E quando a leitura se tornou uma obrigação? 📚 | parte 2
Segunda parte do especial: Hábito de leitura. Ler materiais chatos, de manuais técnicos a livros de crítica. Lidando com o sono ao ler. A questão da memória. Dicas de livros sobre dormir.
Olá!
Esta é a segunda parte do especial de começo de ano sobre hábitos de leitura.
Já falei sobre aspectos solares de ler, como as relações entre amizades e livros e como a leitura faz bem ao coração, baixando efetivamente níveis de estresse [Especial: Hábito de leitura — parte 1]
Agora vamos conversar sobre uma face sombria da leitura: e se preciso ler por obrigação? Para as muitas disciplinas da faculdade? Destrinchar um manual chatíssimo para me atualizar? Para passar num concurso? Para [insira aqui um exemplo de sua vida]?

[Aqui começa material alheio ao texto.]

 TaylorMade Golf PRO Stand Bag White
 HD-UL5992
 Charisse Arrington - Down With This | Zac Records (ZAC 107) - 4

Nesta edição, vamos falar de ossos duros de roer e calhamaço difíceis de engolir. Vamos falar até sobre aquele soninho que nos bate durante uma leitura enfadonha e sobre reter o lido na memória.
Juro que na última edição da série, em fevereiro, abordarei sobre algo inspirador: ler por puro deleite.
Agradeço a leitura! Tudo isso só acontece por você estar do outro lado da tela.
Procrastinamos com classe, mesmo que, em alguns dias, não seja nada fácil.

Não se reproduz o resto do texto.